Work required ▸ Output the lines from the one containing "W&W Mode | Modische Regenjacke" through the last line of the material below, exactly; please do not include pictures.

++++ Extracted material ++++

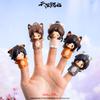 New Heaven Official'S Blessing Animated Fingertip Cute Pet Series Finger Mysterious Blind Box Mini Model Figurine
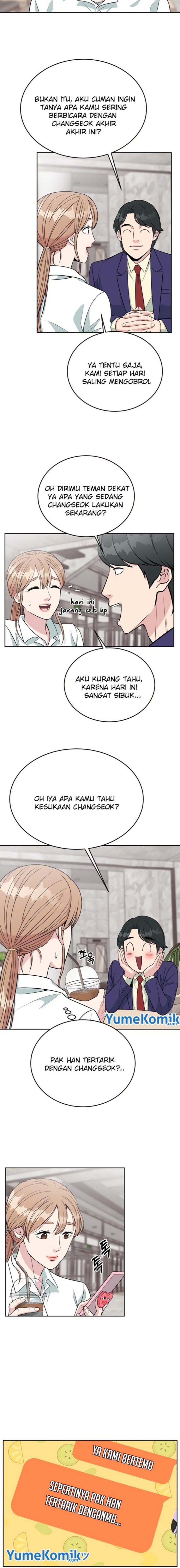 Halaman 4 dari Reincarnated as a New Employee Chapter 18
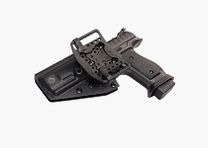WALTHER Holster (Polymer) f. WALTHER PDP SF -5' rechts TekLok Gürtelclip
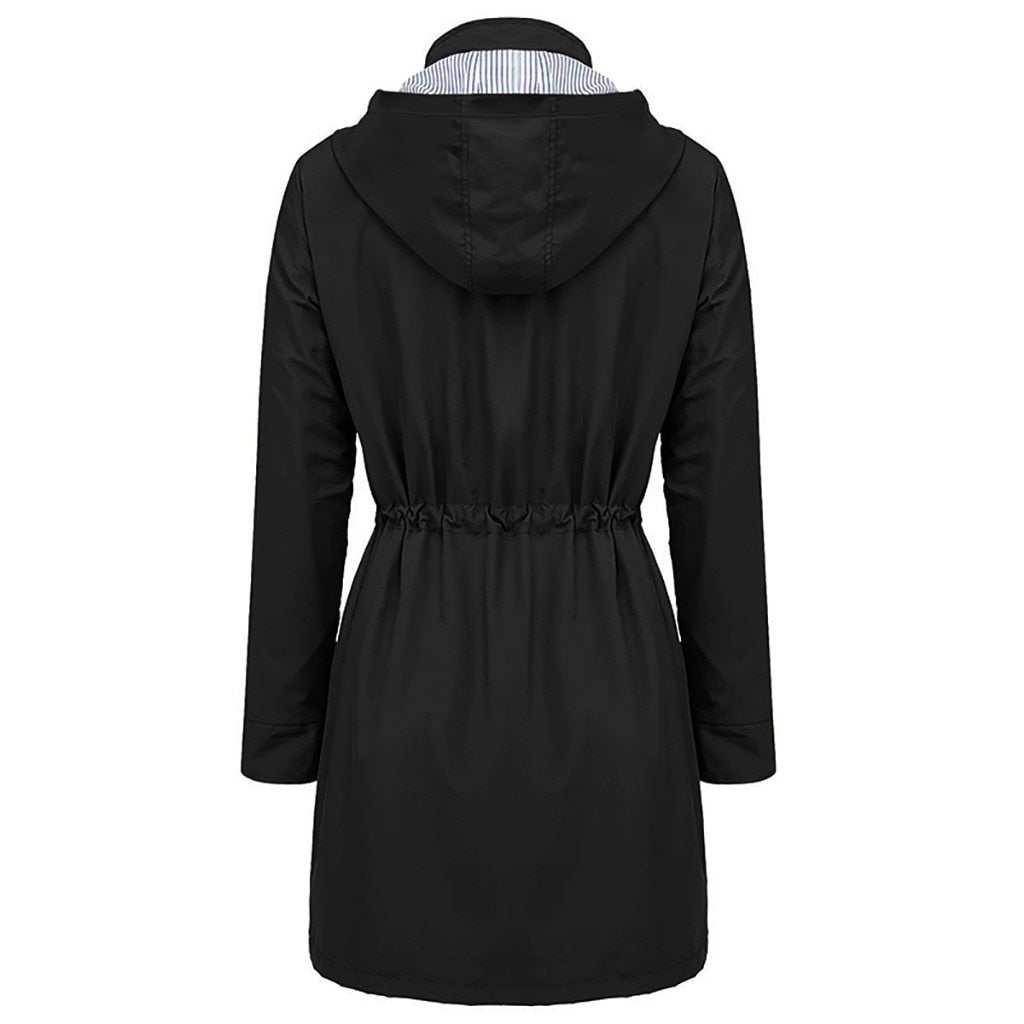 W&W Mode | Modische Regenjacke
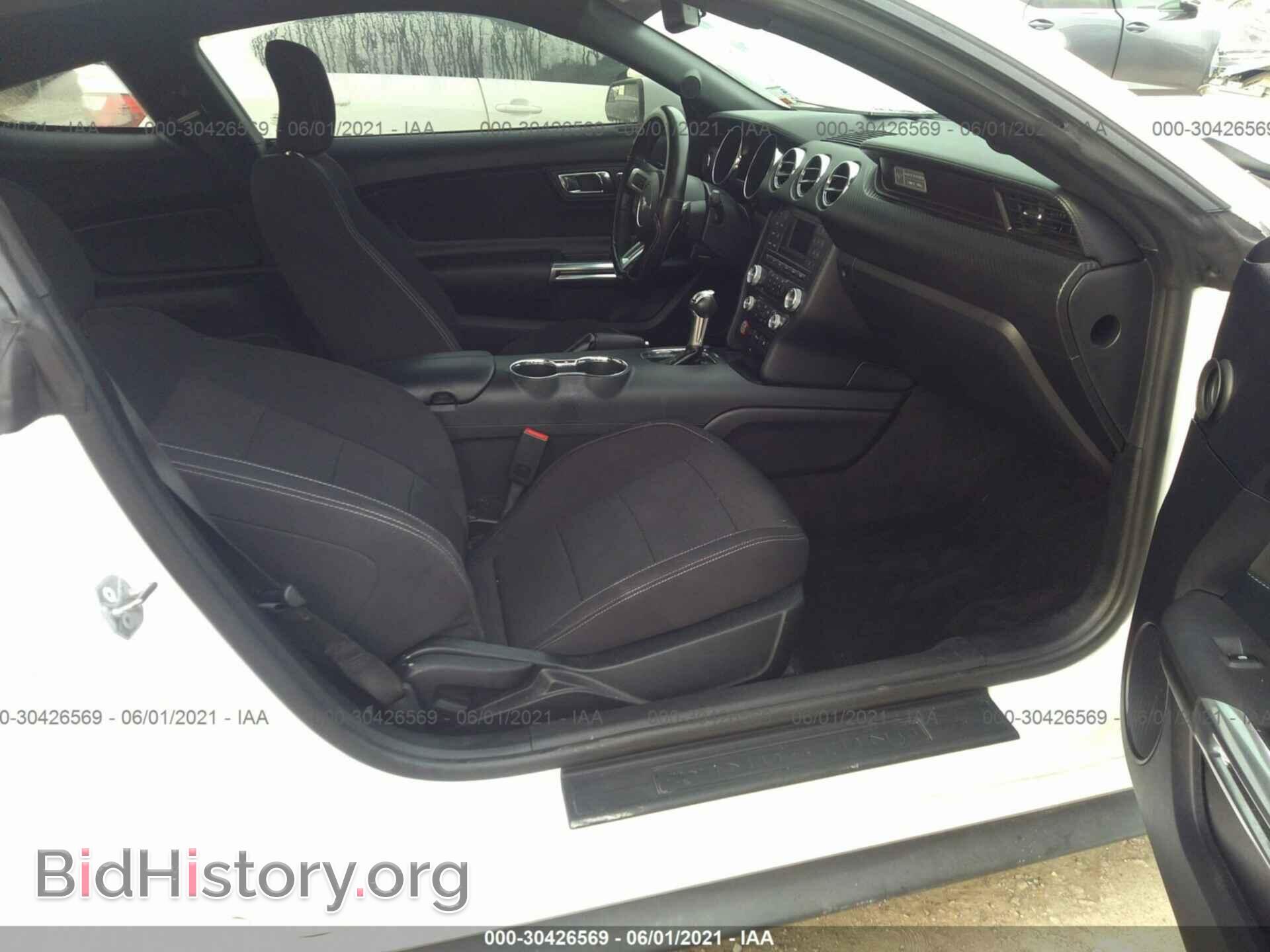 2016 FORD MUSTANG - VIN: 1FA6P8AMXG5306096 - Фото 5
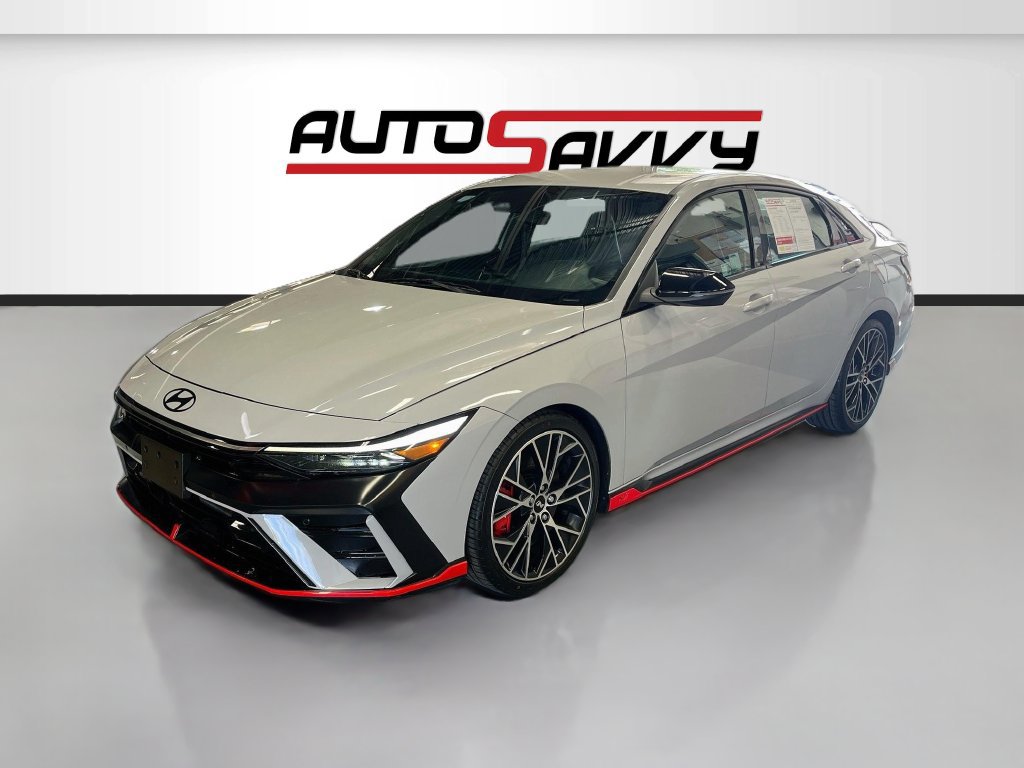 Used 2025 Hyundai Elantra N FWD image 3
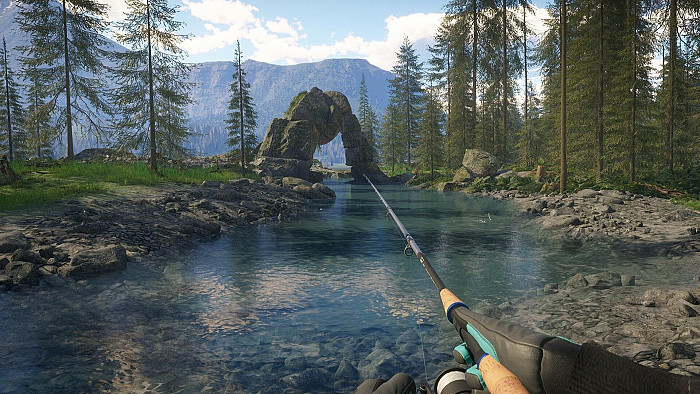 Скриншот из игры Call of the Wild: The Angler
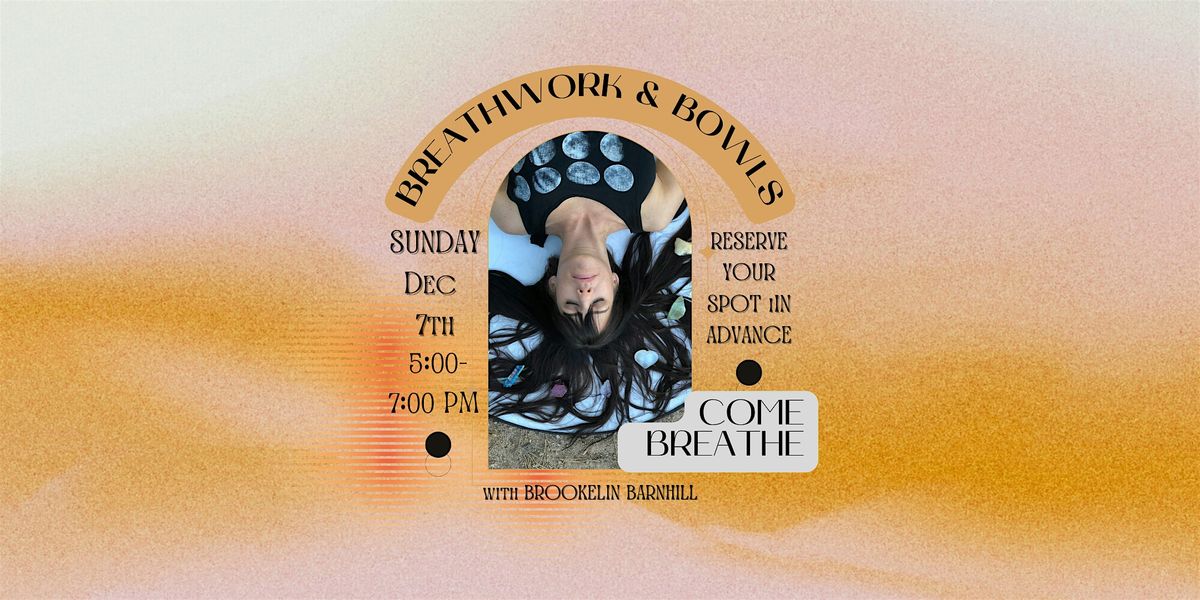 BREATHWORK & BOWLS, 7 December | Event in Denver | AllEvents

++++

Result ▸
 W&W Mode | Modische Regenjacke
 2016 FORD MUSTANG - VIN: 1FA6P8AMXG5306096 - Фото 5
 Used 2025 Hyundai Elantra N FWD image 3
 Скриншот из игры Call of the Wild: The Angler
 BREATHWORK & BOWLS, 7 December | Event in Denver | AllEvents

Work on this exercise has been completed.